This week, we’re presenting stories about times when we’re overwhelmed and feeling alone. Sometimes, in science, we need help. Sometimes that help is hard to find. And sometimes it comes from an unexpected place.
Part 1: As a first-year math teacher, Matt Baker feels overwhelmed -- especially when his principal is less than supportive.
Matt Baker is a high school math teacher at The Brooklyn Latin School in Brooklyn, NY. After getting his Bachelors of Science in Electrical Engineering from Bucknell University, he taught English in Japan for two years and then pretended to use his degree in the private sector for several more. Finally he figured out he should be back in the classroom, so he applied for and received a Math for America fellowship, moved to New York City, and got his Masters of Secondary Math Education. He is currently an MƒA Master Teacher and a Desmos Teaching Fellow, and is very active in the math teacher Twitter community with the handle @stoodle.

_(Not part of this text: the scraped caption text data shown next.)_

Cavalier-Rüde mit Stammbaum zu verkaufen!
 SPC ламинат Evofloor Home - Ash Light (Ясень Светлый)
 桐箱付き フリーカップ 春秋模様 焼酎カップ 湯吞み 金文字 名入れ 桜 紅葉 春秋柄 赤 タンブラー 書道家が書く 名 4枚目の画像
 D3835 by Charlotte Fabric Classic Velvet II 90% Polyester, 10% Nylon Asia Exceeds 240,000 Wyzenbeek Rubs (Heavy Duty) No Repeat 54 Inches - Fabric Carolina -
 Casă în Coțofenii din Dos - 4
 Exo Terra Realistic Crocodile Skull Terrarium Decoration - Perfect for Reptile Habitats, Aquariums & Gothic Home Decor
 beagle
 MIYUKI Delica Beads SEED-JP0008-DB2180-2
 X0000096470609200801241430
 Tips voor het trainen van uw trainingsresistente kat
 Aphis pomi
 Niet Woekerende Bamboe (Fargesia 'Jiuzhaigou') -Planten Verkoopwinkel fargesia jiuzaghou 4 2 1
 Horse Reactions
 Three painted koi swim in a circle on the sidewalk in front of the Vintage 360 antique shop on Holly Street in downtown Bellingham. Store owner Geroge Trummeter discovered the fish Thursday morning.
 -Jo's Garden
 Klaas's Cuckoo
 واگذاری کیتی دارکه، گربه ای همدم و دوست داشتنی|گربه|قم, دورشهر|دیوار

Part 2: A graduate student is sexually assaulted by a labmate.
Please note: This story contains description of sexual assault that may be disturbing to some listeners.
This story is appearing anonymously on our podcast. For more on why we made this decision, see our blog post here.
Part 1: Matt Baker
We were relegated to the top floor of a building in East Harlem with no windows, apparently because the designers in the 1970’s thought that East Harlem was too depressing for children to look at. We Googled it.
Our first freshman class was they're good kids. They're a little rough around the edges but I met some of them at Open House there before and they were just really excited to be part of our school and it was really exciting to help them. Unfortunately, through some quirk of scheduling, we were 30% Special Ed and we had one solitary Special Ed Coordinator. Aside from compliance issues, I never taught such a high-needs group before but I had the Math for America network and the optimism and energy of a first-year teacher so I wasn’t that worried at the time.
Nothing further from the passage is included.